Patrick Bateman is one sick fuck and that's an understatement. I knew that before starting the novel and it still gave me pause. The level of violence and objectification perpetrated on women in general over the course of the novel is nauseating (Bateman does nasty things to a few men, too, but the overwhelming majority of victims are women). Leading up to the first major sex/rape/murder scene, Ellis drops only a few hints as to his main character's extra-curricular activities. A mention of an axe or mabye a bloody coat or a random line about someone's head in a freezer. It's enough to let the reader know something is very wrong with Bateman but really doesn't prepare one for the level of brutality of the scene...hmmm...brutality isn't quite the right word, neither is psychotic...it's really a sadistic savagery. That sounds like a bad line from a pulp novel. Take the Marquis du Sade and ratchet it up about a 1000 times, throw in a lot of drugs, and add some cannibalism. Then that's about right for that first scene. Hannibal Lecter was a gourmand but Bateman is like a coked-up hyena.

After about three seriously fucked up scenes Ellis eases up on the specific description of the murders. After that Bateman will refer to a girl's hands, or brain, or whatever-body-part he's got decorating his apartment - the reader is no longer really party to the act itself (which is fine because I'd more or less started skimming the graphic scenes). The change in description got me to thinking, because I watch a lot of Criminal Minds, about why Ellis had a main character who was not just killing but torturing and eating his victims as opposed to the violence itself (over kill).

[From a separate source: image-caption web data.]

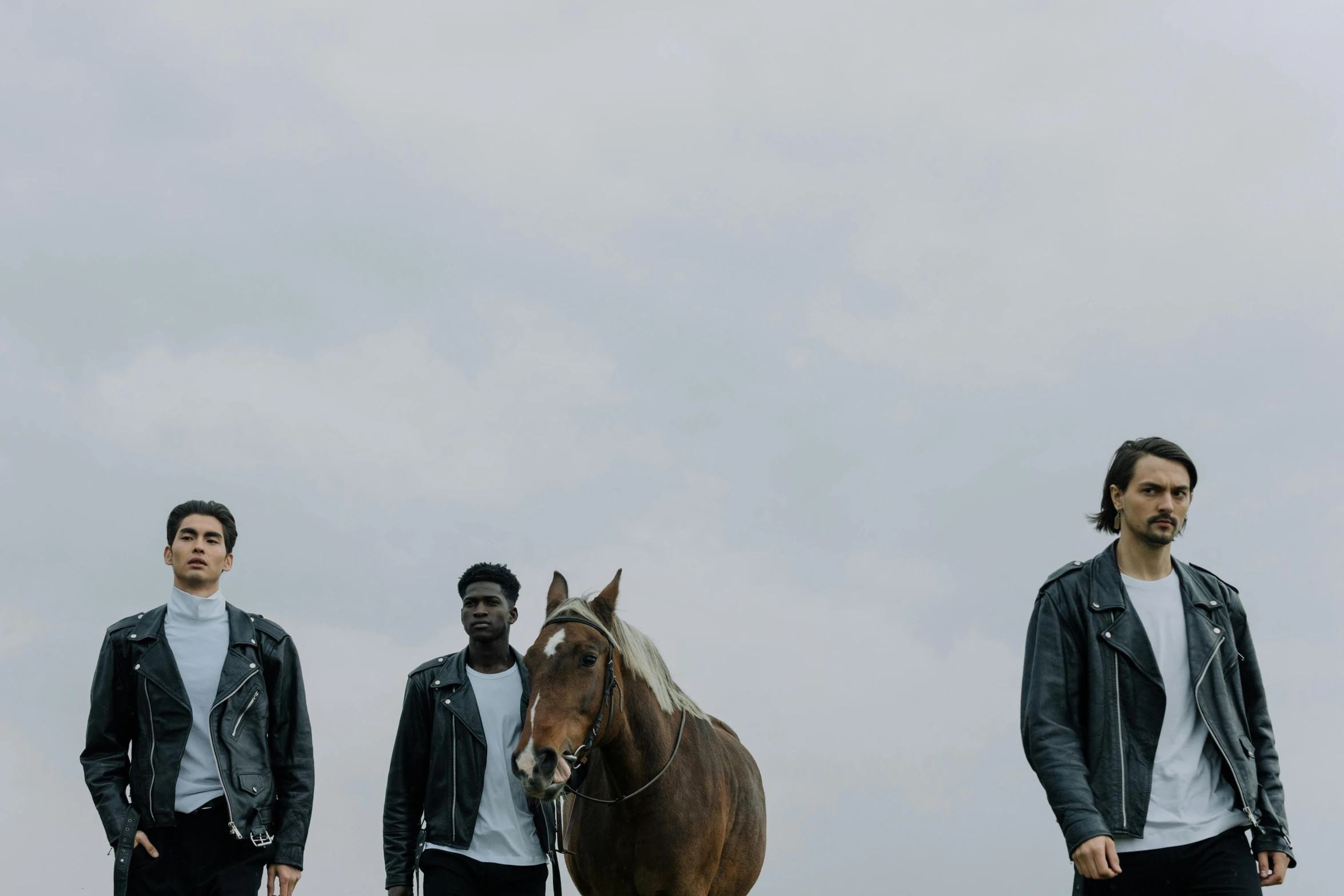 a group of men standing next to a brown horse, an album cover, by Emma Andijewska, pexels contest winner, wearing a leather jacket, mustang, white sky, promotional image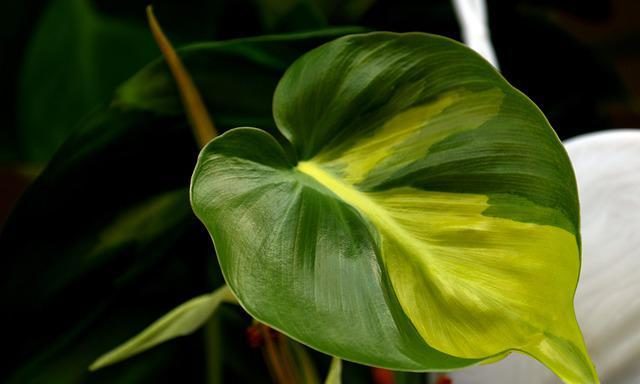 Philodendron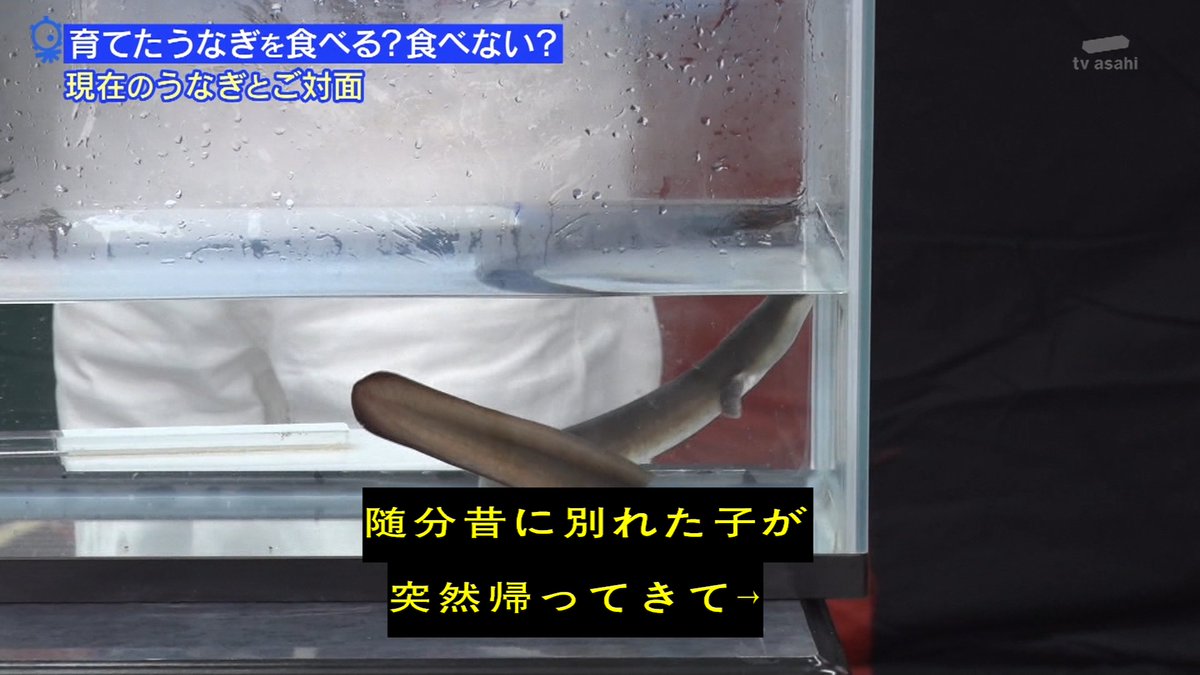 タモリ倶楽部 うなぎを育てて安く食べよう企画から500日 愛情が湧いてしまったスタッフが議論 まさかの結末を迎えることに Togetter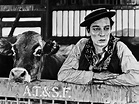 Buster Keaton Cowboy - Go West Alejandro Cilento - Artelista.com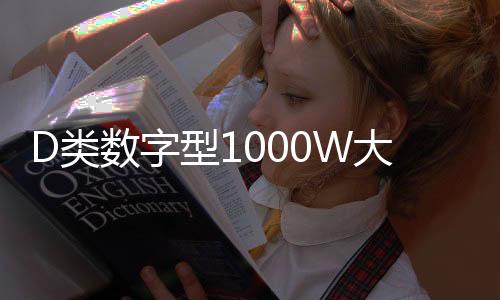 D类数字型1000W大功率发烧级超重纯低音无源双音圈低音炮功放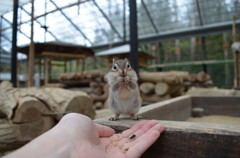 シマリス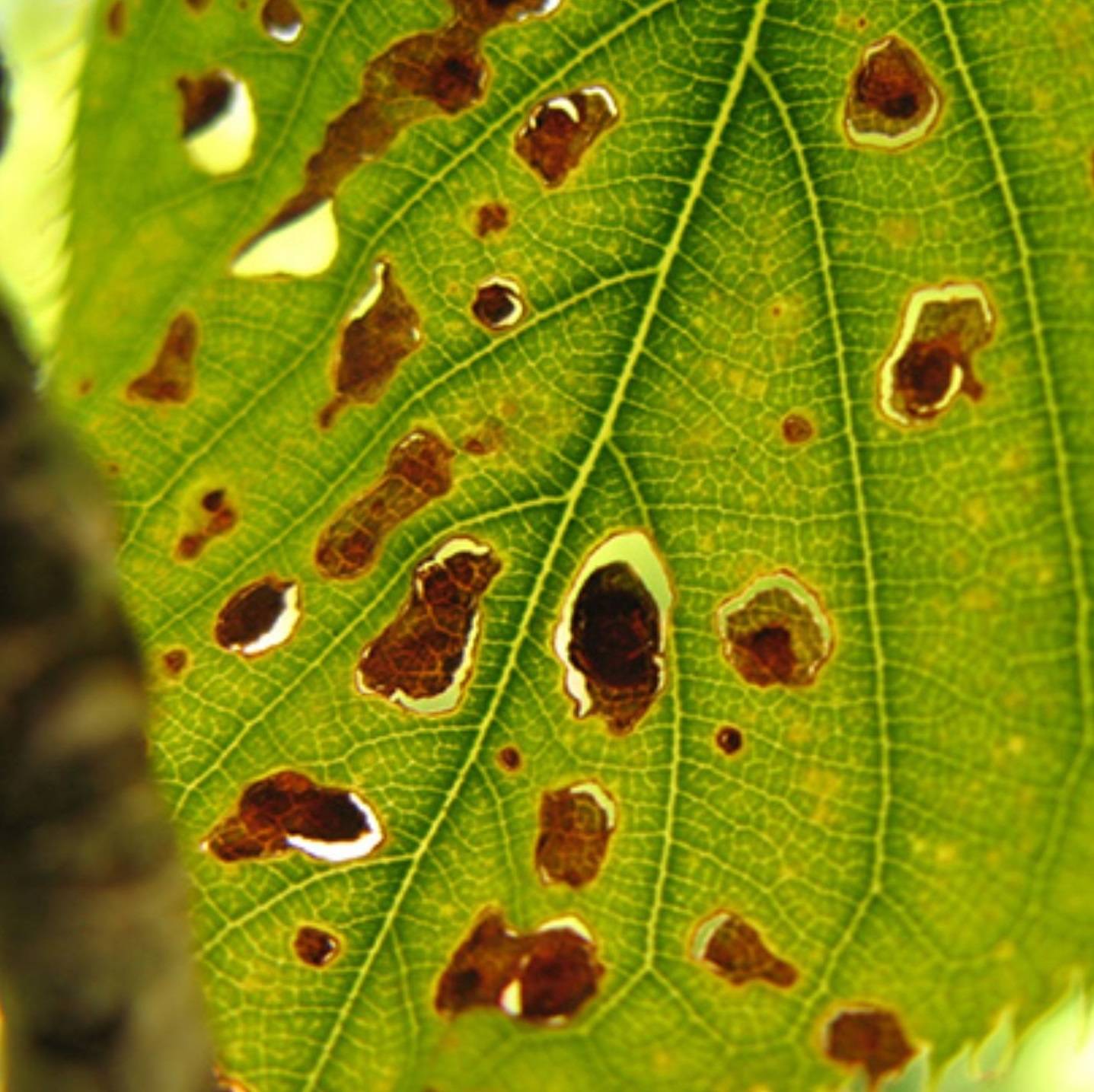 Shot Hole Disease/Coryneum Blight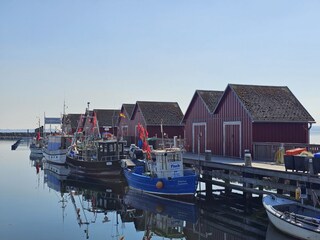 Appartement de vacances Warnow bei Grevesmühlen Environnement 15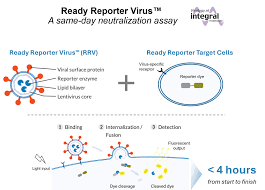 Image result for Neutralization Test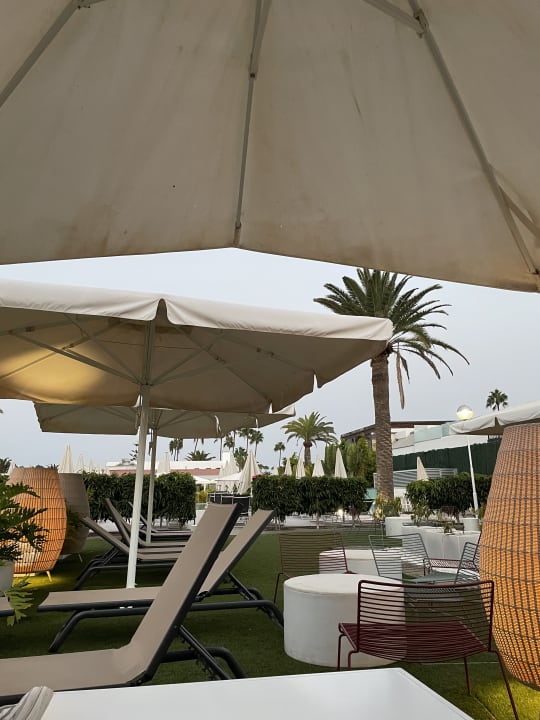 Sonstiges Canary Garden Club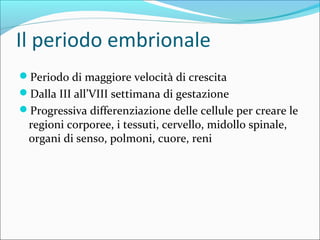 Il periodo embrionale
Periodo di maggiore velocità di crescita
Dalla III all’VIII settimana di gestazione
Progressiva differenziazione delle cellule per creare le
regioni corporee, i tessuti, cervello, midollo spinale,
organi di senso, polmoni, cuore, reni
 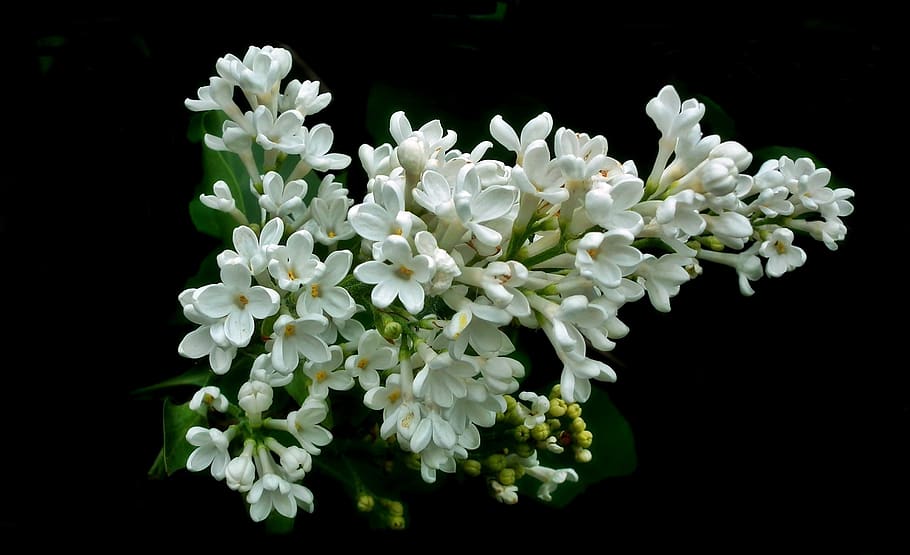 flower, without, white, plant, nature, floral, petal, closeup HD wallpaper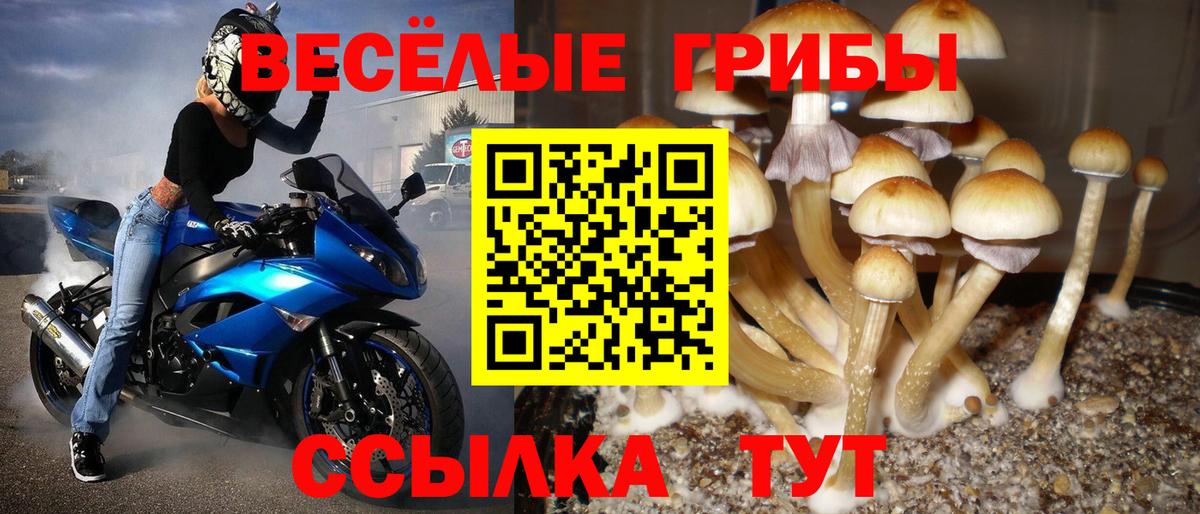 Галлюциногенные грибы Magic Shrooms  где найти наркотики  Рассказово  Вход с VPN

Patrick Bateman has a lot of rage (again, understatement) which is directed for the most part at women (but only some women because some of his close female acquaintences remain unscathed) and at non-white/non-yuppie members of society but I think that Bateman also victimizes those who objectify him.

This is not a completely thought-out theory. I feel that the emphasis on things - labels, styles, colors, fashion houses, brands, gyms, etc. - creates a shell around Bateman. He's bat-shit psychotic on the inside but on the outside he's Richie Rich. People seem to want to be his friend/want him for his name, money, family, where he went to college but in reality none of them can remember who the hell he is. The bums and ethnic-minority business owners only want his money because he's another rich guy. He's frequently called by someone else's name and this point was driven home near the end of the novel (major SPOILER approaching). After a police chase (because Bateman really lost it and shot a bum while a squad car was passing) Bateman makes a phone call to a friend (lawyer?) and confesses everything to the man's voicemail....but nothing happens, no one comes to arrest Bateman; when Bateman later mentions the lengthy voicemail to the recipient the man believes Bateman was someone else, accusing Bateman of all those murders as some sort of joke. So Ellis demonstrates that Bateman isn't real, he's not authentic, no one is authentic because all the depraved acts committed by Bateman really don't matter and no one really seems to care. At all. Bateman's anger at being marginalized within his own tribe finds an outlet in extreme violence but even a confession fails to make those around him see him and so the cycle continues. I think seeing Bateman as himself is what saves Bateman's secretary, Jean, from becoming one of his victims when she shows that she thinks there's a real person inside Bateman - one who is considerate of others and kind, even though the readers know otherwise in the extreme - and never mistakes him for another cookie-cutter yuppie in a designer wool suit; she gives him some sort of identity.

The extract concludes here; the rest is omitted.